Work to complete
Output the complete listing exactly, please, and keep the pictures out of it.

Provided material
——
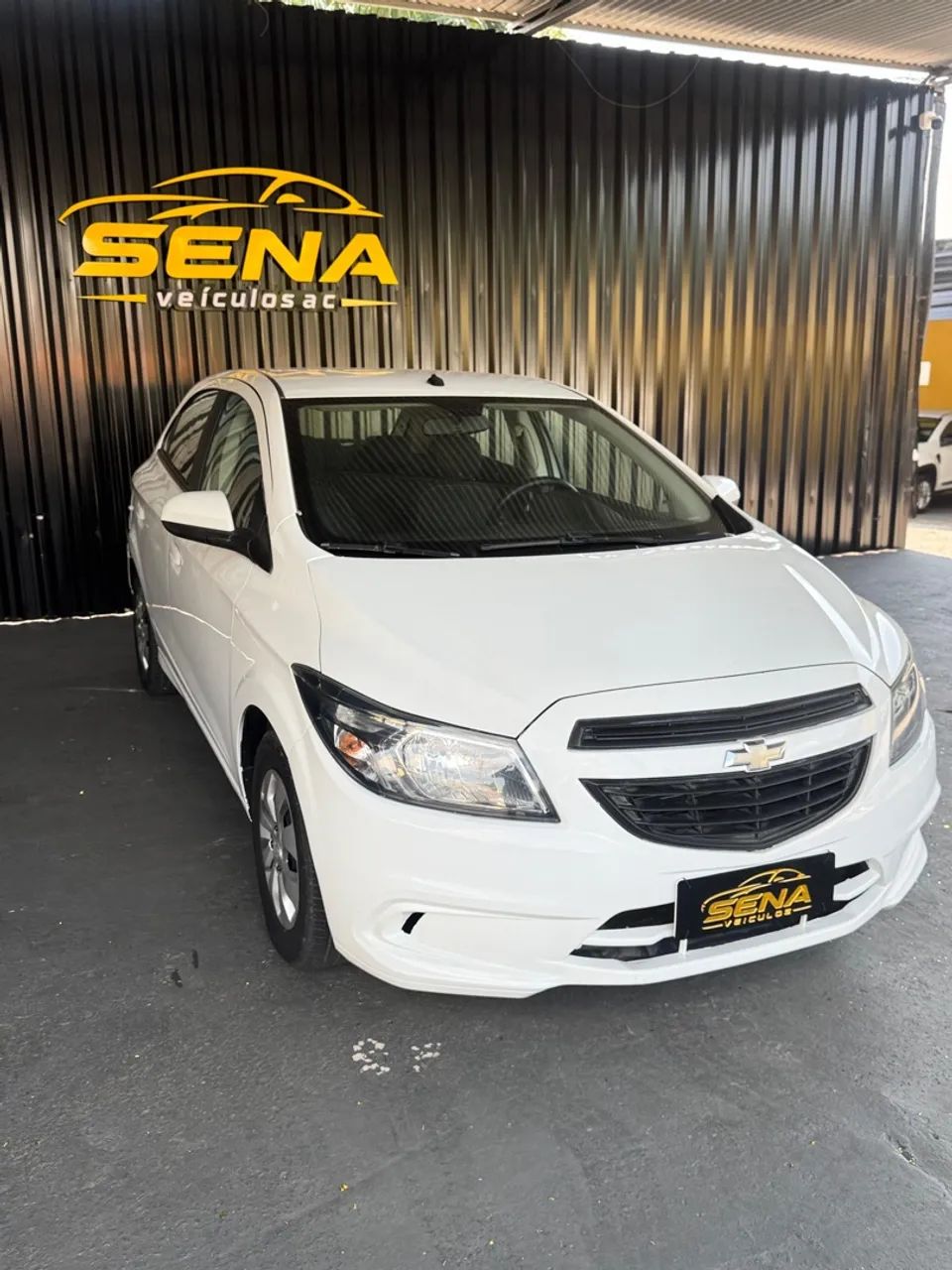 Chevrolet Onix JOY Hatch 1.0 8V Flex Mec. 4P 2019 - Foto 2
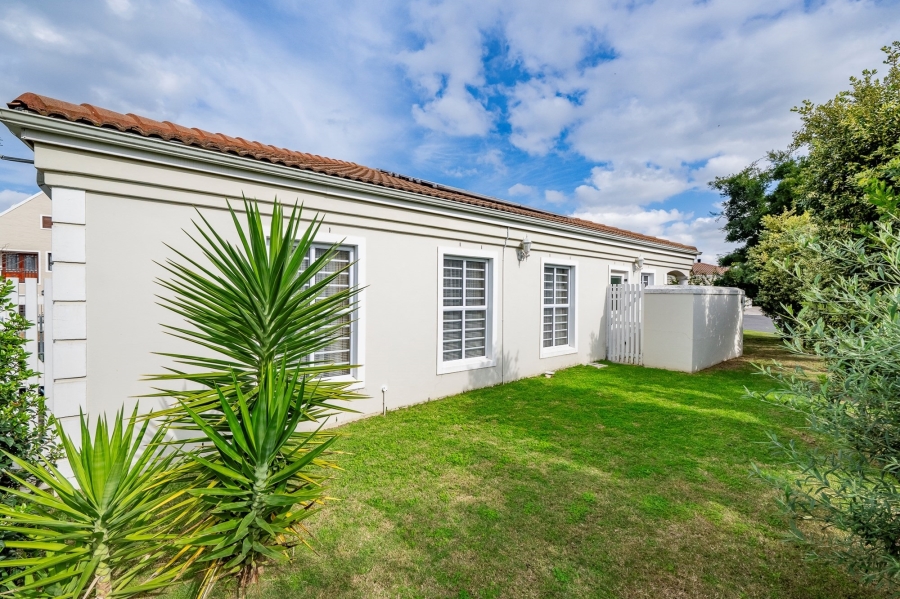 2 Bedroom Property for Sale in Vierlanden Western Cape
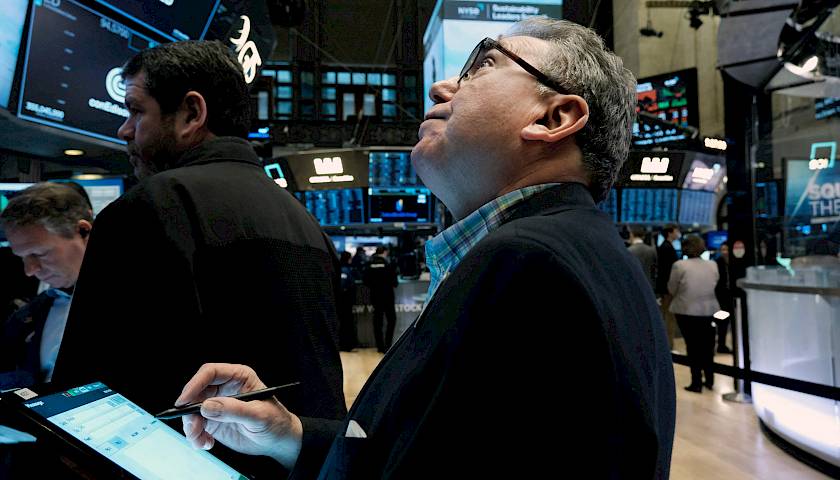 „Bank of America“ analitikai: investuotojai traukiasi iš akcijų
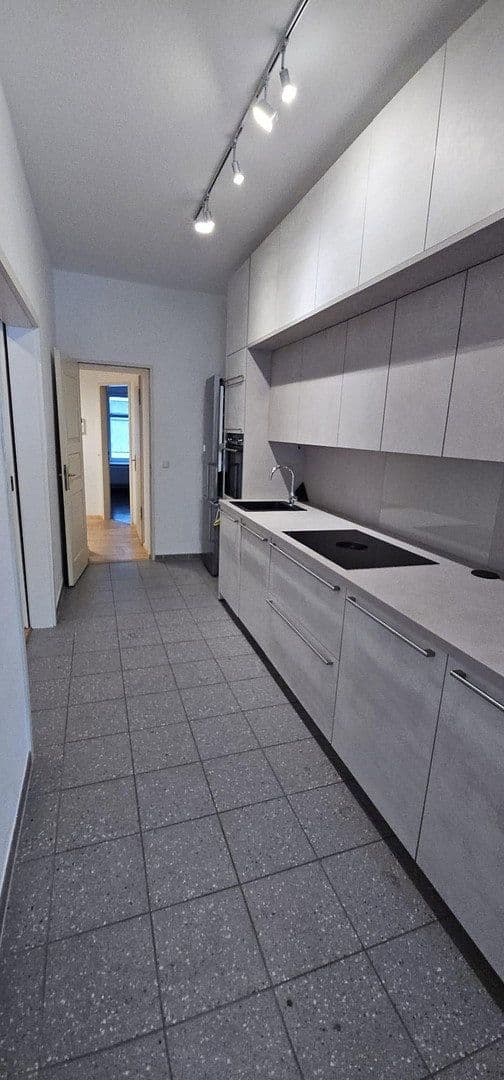 Predaj bytu 2-izbový 61 m², Berlin, Berlín Predaj bytu 2-izbový 61 m², Berlin, Berlín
——
Answer below
 Chevrolet Onix JOY Hatch 1.0 8V Flex Mec. 4P 2019 - Foto 2
 2 Bedroom Property for Sale in Vierlanden Western Cape
 „Bank of America“ analitikai: investuotojai traukiasi iš akcijų
 Predaj bytu 2-izbový 61 m², Berlin, Berlín Predaj bytu 2-izbový 61 m², Berlin, Berlín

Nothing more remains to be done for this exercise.